D’autre part, l’évolution des prix de vente des logements énergivores est plus lente que celle des biens plus vertueux. Depuis juillet 2921, les biens classés F et G ne voient leurs prix progresser que de 3,7 % alors qu’en ce qui concerne les autres biens, la hausse atteint 7 %. De plus, une mauvaise note au DPE constitue non seulement un frein aux visites mais aussi un levier de négociation. En clair, les prix des passoires thermiques tendent à être davantage négociés (5,6 % du prix de vente affiché) que ceux des logements affichant une classe énergétique supérieure (3,7 % du prix de vente)
La loi Climat a-t-elle déséquilibré le marché locatif ?

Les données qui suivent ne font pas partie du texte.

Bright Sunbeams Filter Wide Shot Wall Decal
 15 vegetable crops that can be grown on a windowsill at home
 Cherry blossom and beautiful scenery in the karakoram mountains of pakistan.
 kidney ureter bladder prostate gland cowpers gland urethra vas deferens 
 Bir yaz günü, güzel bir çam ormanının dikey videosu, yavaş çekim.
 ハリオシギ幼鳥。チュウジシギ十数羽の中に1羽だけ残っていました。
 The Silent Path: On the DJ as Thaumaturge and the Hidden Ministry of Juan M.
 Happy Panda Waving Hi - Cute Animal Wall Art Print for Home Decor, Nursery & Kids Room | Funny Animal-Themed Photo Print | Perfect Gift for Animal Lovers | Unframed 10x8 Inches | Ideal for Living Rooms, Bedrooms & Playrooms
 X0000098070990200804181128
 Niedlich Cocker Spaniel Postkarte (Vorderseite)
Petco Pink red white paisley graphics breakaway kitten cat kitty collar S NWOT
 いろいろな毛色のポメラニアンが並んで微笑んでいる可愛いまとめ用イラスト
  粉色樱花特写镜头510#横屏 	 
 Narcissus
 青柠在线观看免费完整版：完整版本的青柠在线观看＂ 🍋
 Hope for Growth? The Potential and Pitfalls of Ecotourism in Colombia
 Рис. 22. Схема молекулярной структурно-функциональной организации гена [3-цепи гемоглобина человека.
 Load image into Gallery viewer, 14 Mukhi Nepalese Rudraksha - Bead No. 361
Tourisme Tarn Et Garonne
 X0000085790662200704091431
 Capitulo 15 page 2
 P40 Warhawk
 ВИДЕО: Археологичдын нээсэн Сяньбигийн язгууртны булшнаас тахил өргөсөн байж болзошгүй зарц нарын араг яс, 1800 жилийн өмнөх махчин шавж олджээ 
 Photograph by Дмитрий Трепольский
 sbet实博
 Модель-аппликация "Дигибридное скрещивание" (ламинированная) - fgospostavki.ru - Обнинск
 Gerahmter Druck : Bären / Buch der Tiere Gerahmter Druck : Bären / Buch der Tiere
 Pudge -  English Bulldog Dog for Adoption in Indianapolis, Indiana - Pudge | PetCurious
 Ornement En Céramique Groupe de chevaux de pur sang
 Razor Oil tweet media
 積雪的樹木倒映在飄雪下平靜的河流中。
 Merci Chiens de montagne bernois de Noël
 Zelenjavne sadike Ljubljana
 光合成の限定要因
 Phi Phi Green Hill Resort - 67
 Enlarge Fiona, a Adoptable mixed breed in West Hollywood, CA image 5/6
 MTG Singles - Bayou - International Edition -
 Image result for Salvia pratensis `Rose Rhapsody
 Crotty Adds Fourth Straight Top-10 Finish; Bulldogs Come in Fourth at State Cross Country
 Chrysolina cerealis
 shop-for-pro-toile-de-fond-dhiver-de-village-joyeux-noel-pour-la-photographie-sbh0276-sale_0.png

C’est un fait , les annonces en location sont moins nombreuses qu’avant. Mais ce recul est-il corrélé à la réforme du DPE ? D’une part, des propriétaires ont indéniablement décidé de vendre leurs logements plutôt que de financer des travaux de rénovation énergétique pour pouvoir conserver leurs permis de louer. D’autre part, la baisse du volume d'annonces s’explique aussi par la hausse des taux d’intérêt. En effet, privés de la possibilité d’accéder à la propriété, les locataires n'ont pas d'autre choix que de rester plus longtemps dans leur location, réduisant d’autant le turn-over et grippant le marché.
Sources :
- Annonces de maisons et d’appartements anciens en vente publiées sur le site SeLoger ainsi que de transactions conclues et communiquées par les agences partenaires Meilleurs Agents entre le 1er janvier 2018 et le 31 décembre 2022.
- Étude réalisée du 20 décembre 2022 au 5 janvier 2023 sur un échantillon représentatif de la population française, avec un focus acheteurs, vendeurs, locataires, propriétaires et propriétaires bailleurs.